Another wayA testing method I recently developed at the University of California, Los Angeles, overcomes these problems. The idea is similar to the steel ball that is dropped on the test sample. However, the new method uses a steel ball that pivots on a rod, similar to a pendulum. (See photo of the testing apparatus on the opposite page.) A test specimen is constructed to replicate the actual wall system as closely as possible. In this case, the test specimens were square frames made up of 2-by-4s at 16 inches on center, with the wall system applied to replicate an actual installation. At rest and hanging vertically, the steel ball just touches the wall specimen.
While sample "walls" were used in this test, the machine can also be used to test actual walls. To test the impact resistance of the wall, the rod is set at 90 degrees to the vertical and released. The rod pivots as the ball accelerates due to gravity. At the bottom of the arc, the ball strikes the wall and rebounds. The rod then pivots back to a certain angle, which is precisely measured by a ratcheting pointer with a one-way latch.

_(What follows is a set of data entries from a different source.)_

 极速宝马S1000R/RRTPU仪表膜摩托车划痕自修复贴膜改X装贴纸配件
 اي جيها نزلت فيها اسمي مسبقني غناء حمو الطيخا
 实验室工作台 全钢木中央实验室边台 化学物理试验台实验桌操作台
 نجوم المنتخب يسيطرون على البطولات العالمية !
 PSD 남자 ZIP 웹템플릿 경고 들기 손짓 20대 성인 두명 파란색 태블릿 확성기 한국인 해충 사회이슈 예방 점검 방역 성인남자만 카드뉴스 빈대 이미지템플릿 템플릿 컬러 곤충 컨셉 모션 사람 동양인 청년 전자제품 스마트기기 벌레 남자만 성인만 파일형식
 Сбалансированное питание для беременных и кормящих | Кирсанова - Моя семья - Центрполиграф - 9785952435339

From the recorded angle, and with a little math, one can find the height of the rebound and determine the energy absorbed by the wall. This absorbed energy is used to cause damage to the wall. Therefore, the wall that absorbs less energy--that with the greatest rebound--is more resistant to damage. One can also measure the damage caused to the wall and factor that into the measurement, as well. This gives the energy required for a certain amount of damage--the "impact strength" of the wall.

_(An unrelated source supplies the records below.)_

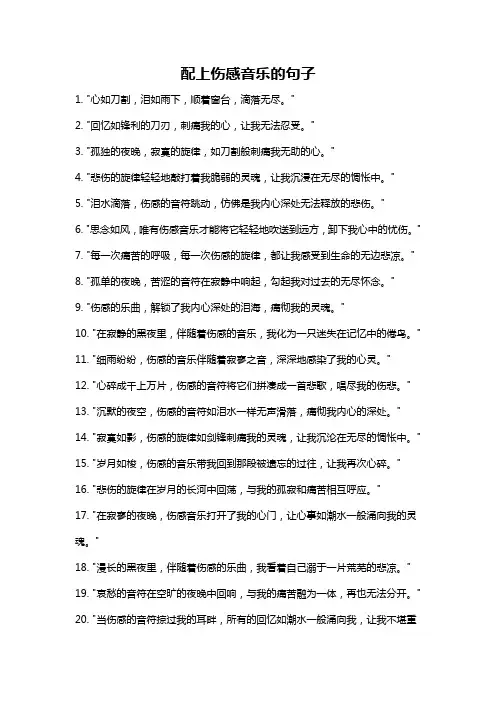 配上伤感音乐的句子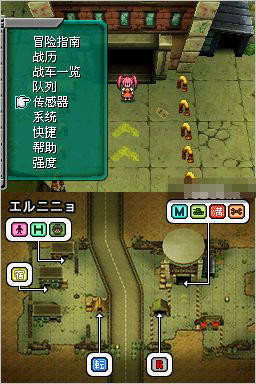 重装机兵2重制版密码大全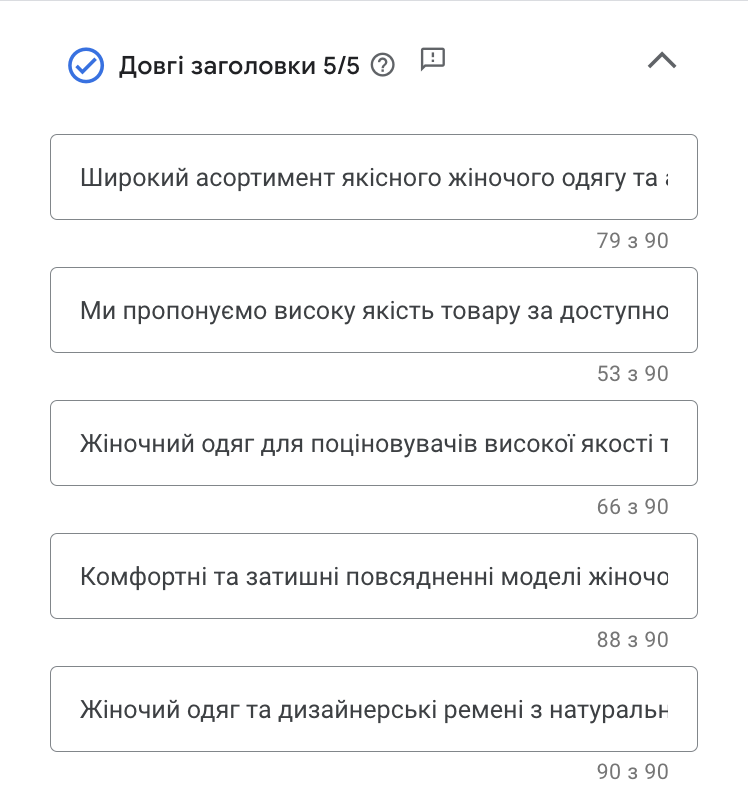 Довгі заголовки в Google Ads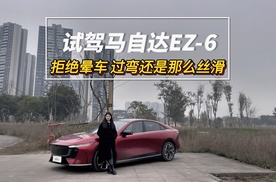 试驾马自达EZ-6 拒绝晕车 过弯还是那么丝滑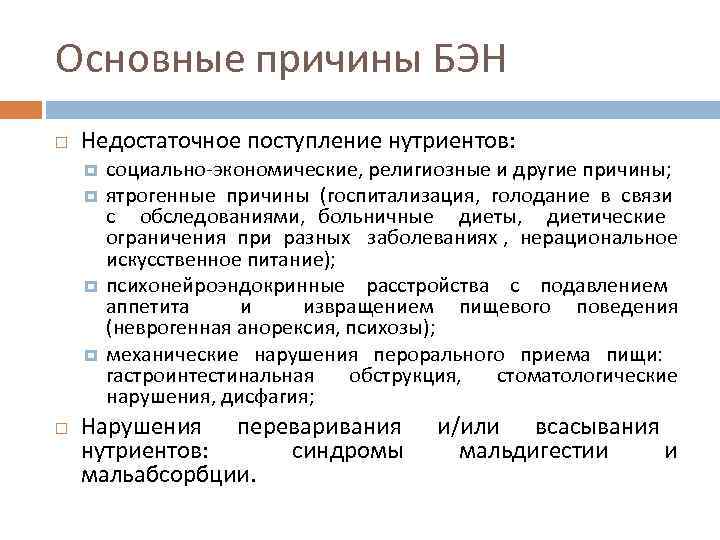 Основные причины БЭН Недостаточное поступление нутриентов: социально-экономические, религиозные и другие причины; ятрогенные причины (госпитализация,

Several wall systems were evaluated in the development of this testing method, and the results can be seen in the graph. "Walls" 1 through 3 were three-coat exterior plaster; number 1 was made with high-performance premium plastic cement, number 2 was made with Portland plastic cement and number 3 was made with a Portland cement and lime blend. Walls 4, 5 and 6 were popular one-coat systems.

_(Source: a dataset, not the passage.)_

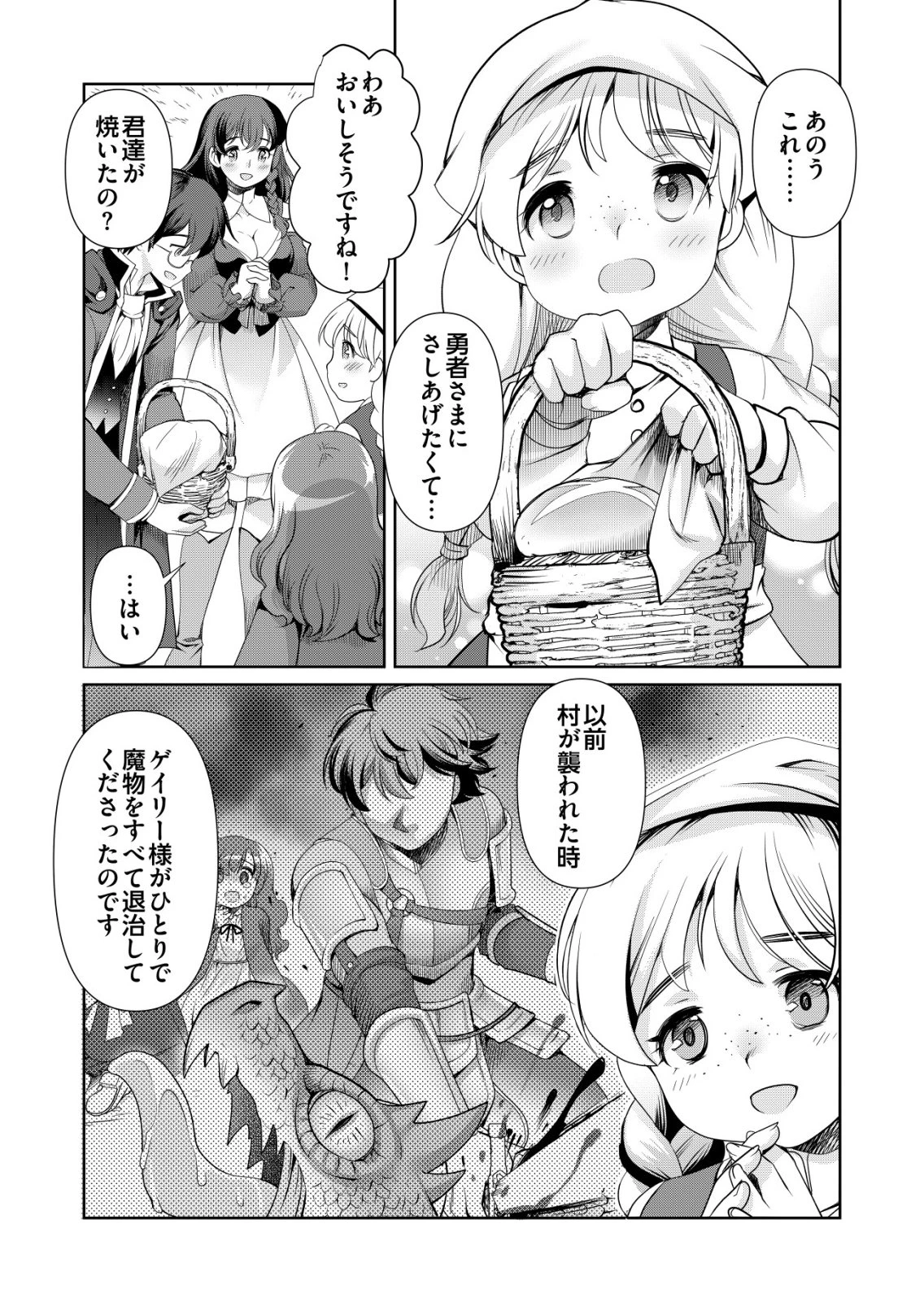 千のスキルを持つ男　異世界で召喚獣はじめました！ 第75話 - 19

Different size and weight steel balls can be used to pound the test walls into oblivion, and while it was a lot of fun to watch these walls "blow up" (some literally exploded), the most interesting results came from those tests that produced the walls with the least damage. When the porosity of the materials was tested, it was found that the systems utilizing the least porous materials (those with the greatest density) had the highest impact strength.
Vive la resistanceWhile this makes perfect sense and sounds intuitive, it is not always easy to prove. Therefore, as a rule of thumb we can look for the material with the highest density and be pretty safe in the assumption that it has higher impact strength, right? Well, not exactly. The density rule sometimes breaks down when we compare systems of entirely different construction, such as conventional three-coat vs. EIFS. However, the measured impact strength does not lie.
While the initial study concentrates on exterior cladding systems, the procedure and testing apparatus developed can be used to measure the impact strength of virtually any coating material, interior or exterior. The driving force behind my research and development of this method was the desire to produce a reliable, universal test method that can be utilized in the field as well as the laboratory. With the development of highly advanced, stronger and more impact resistant construction materials, the only thing left to worry about is whether or not that baseball is headed for a window.
Note: All findings reported in this article represent the exclusive views of the author.